Collected data entries
***

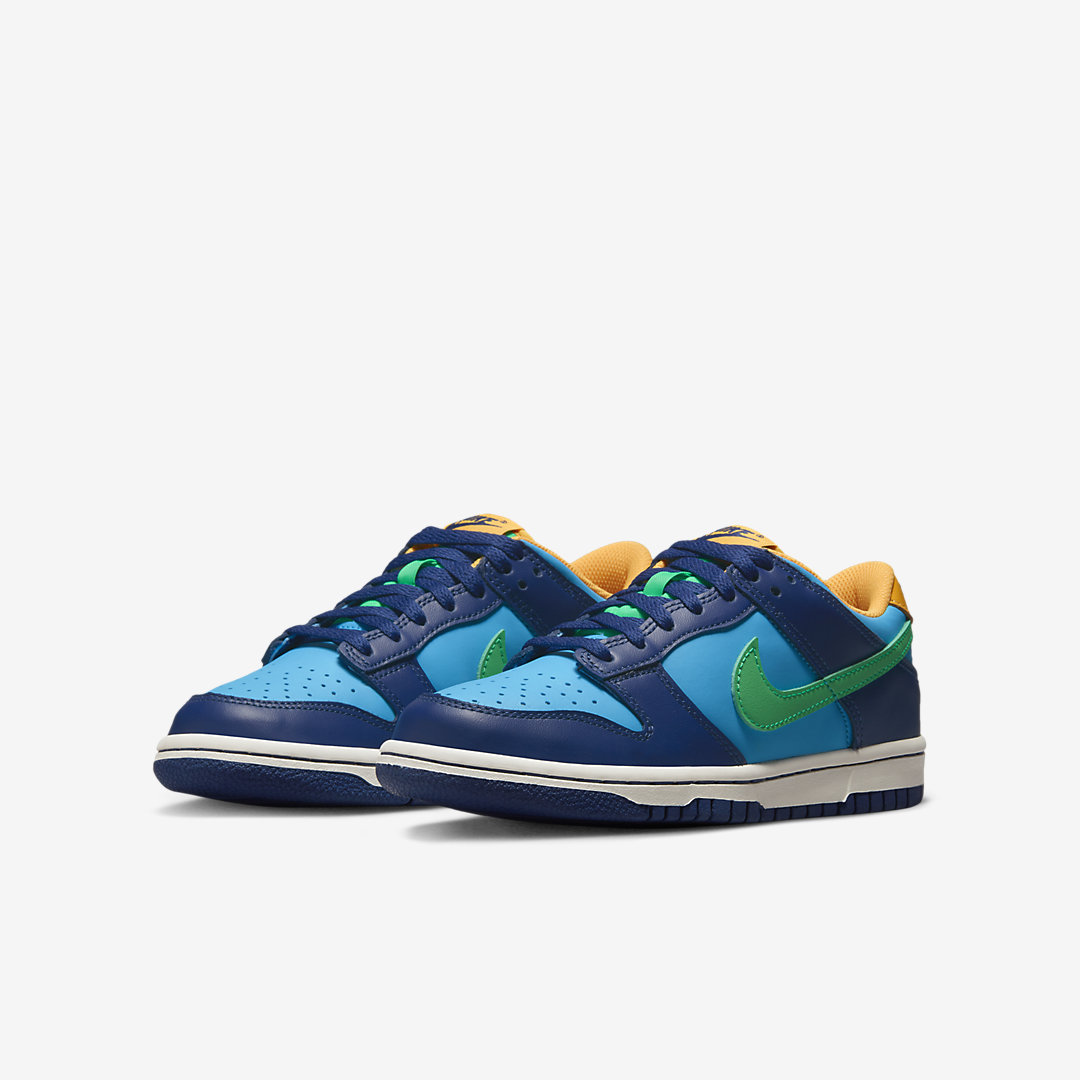 Nike Dunk Low GS DV1693-401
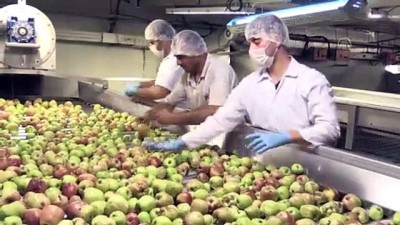 karahisar - Afyonkarahisar'da üretilen meyve konsantreleri ABD sofralarında  Videosu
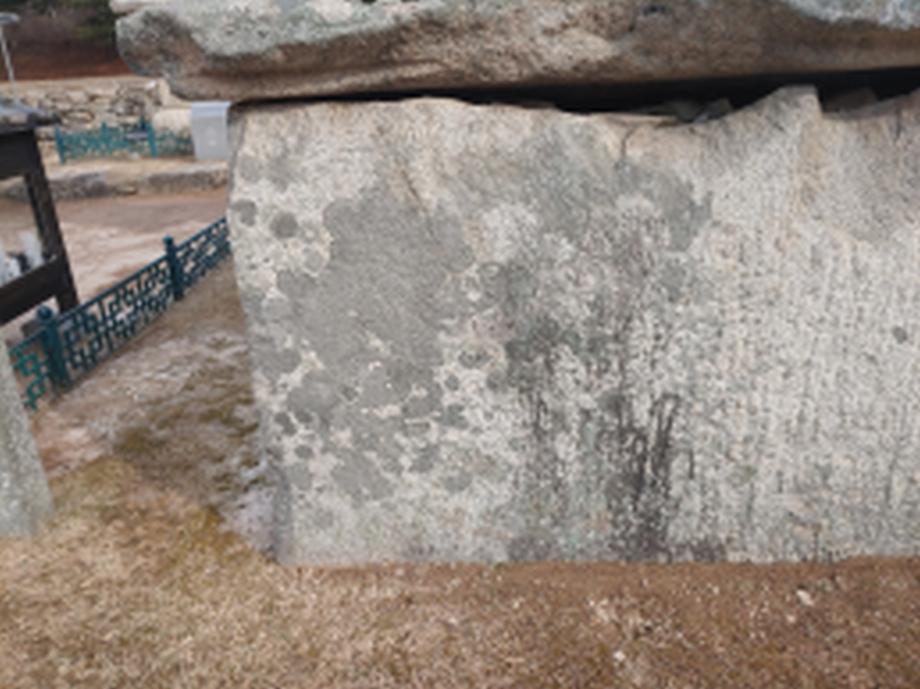 충주 미륵리 오층석탑 정밀안전진단 보고서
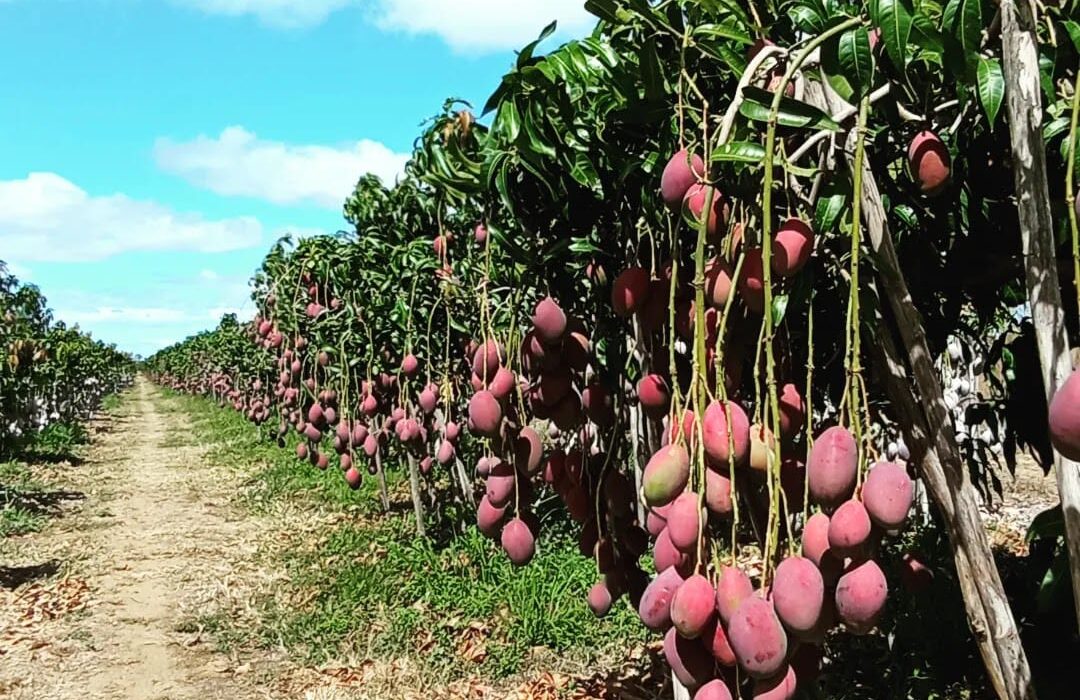 Potencial da agricultura brasileira desperta interesse e gera oportunidades aos indianos agro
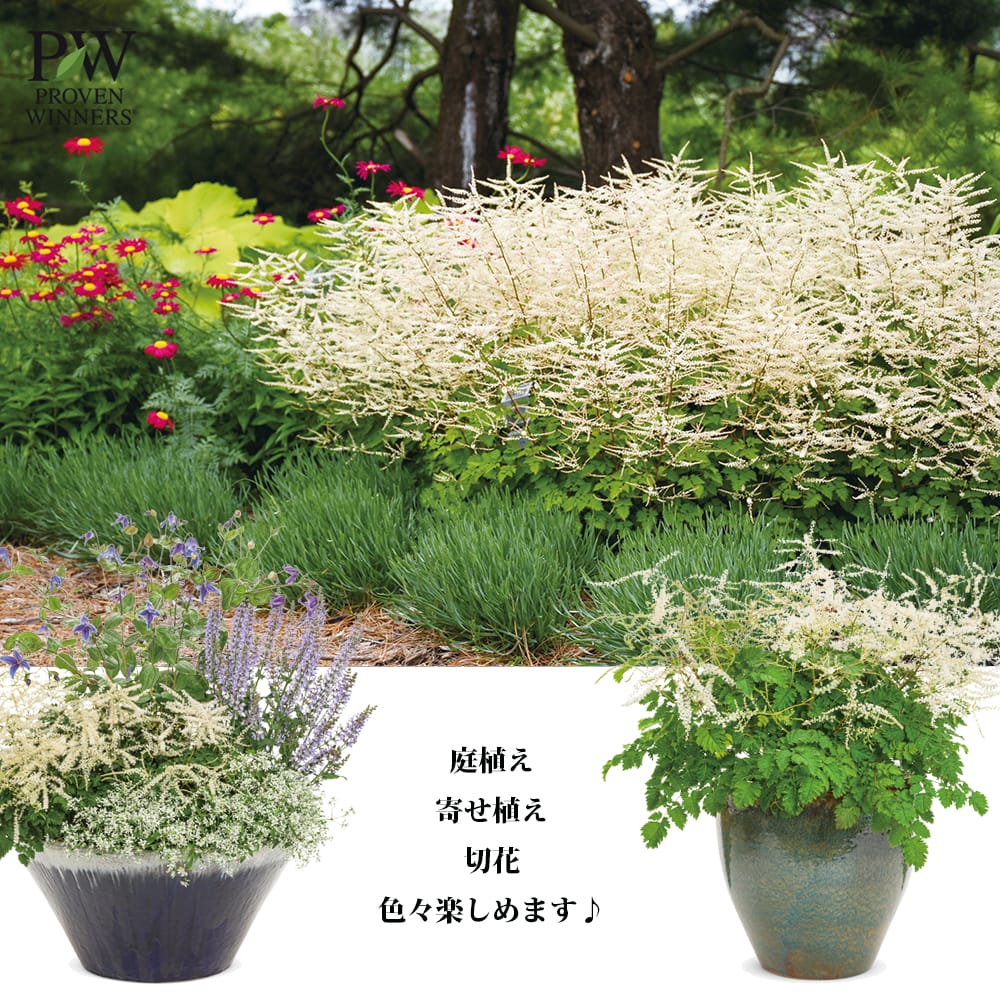 アルンクス シャンテリーレース 1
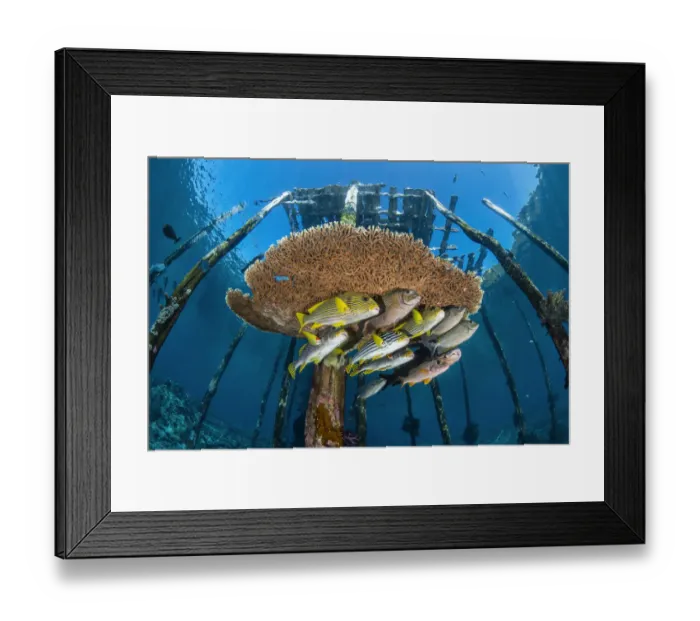 Framed Print : Mixed school of large fish, incliuding lined rabbitfish (Siganus lineatus) Framed Print : Mixed school of large fish, incliuding lined rabbitfish (Siganus lineatus)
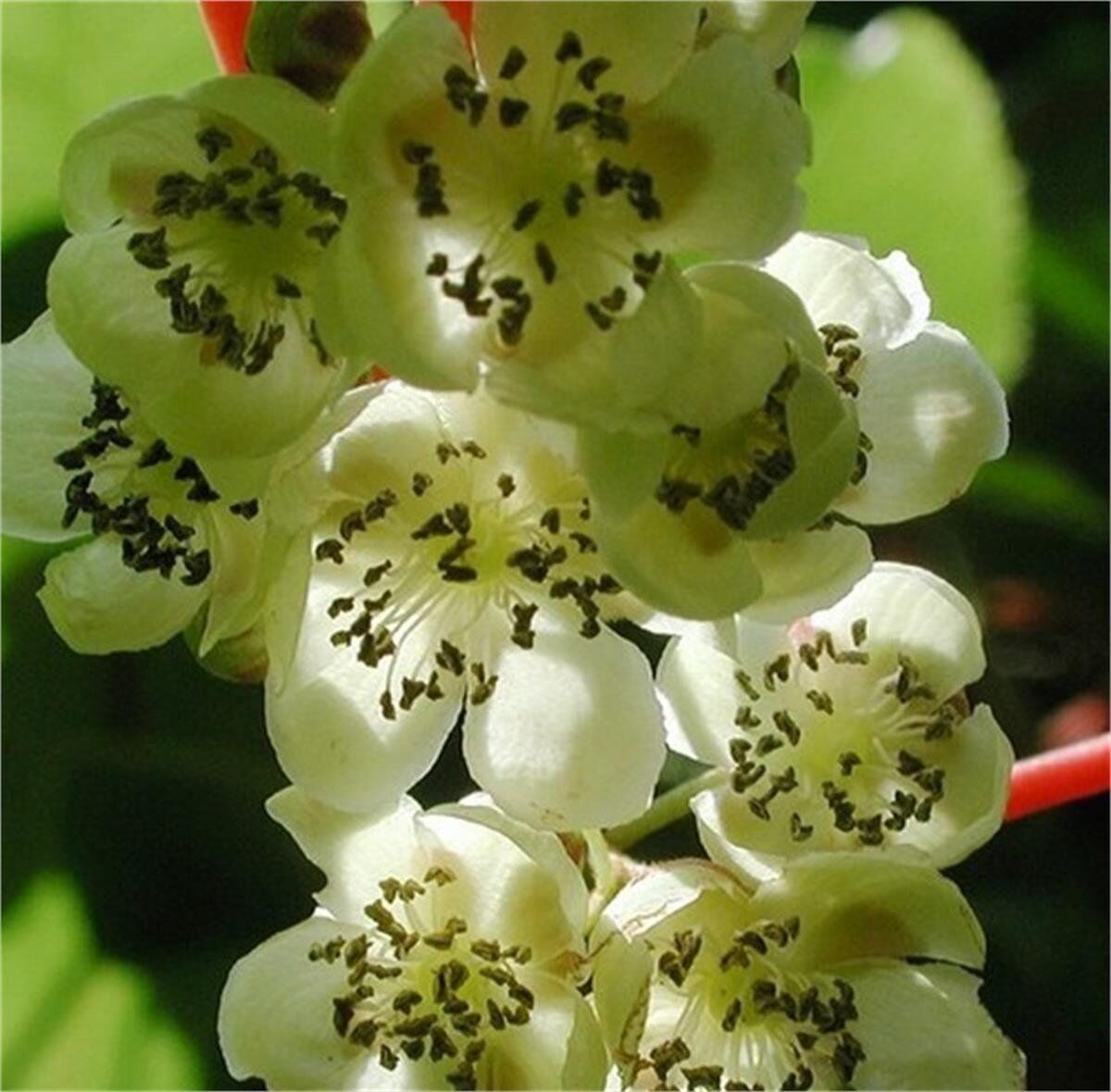 WEİKİ MİNİ KİVİ FİDANI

***

WHAT YOU ARE ASKED TO DO
The answer must be an exact restatement of all the records, with no pictures included.

REPLY TO THE EXERCISE
 Nike Dunk Low GS DV1693-401
 karahisar - Afyonkarahisar'da üretilen meyve konsantreleri ABD sofralarında  Videosu
 충주 미륵리 오층석탑 정밀안전진단 보고서
 Potencial da agricultura brasileira desperta interesse e gera oportunidades aos indianos agro
 アルンクス シャンテリーレース 1
 Framed Print : Mixed school of large fish, incliuding lined rabbitfish (Siganus lineatus) Framed Print : Mixed school of large fish, incliuding lined rabbitfish (Siganus lineatus)
 WEİKİ MİNİ KİVİ FİDANI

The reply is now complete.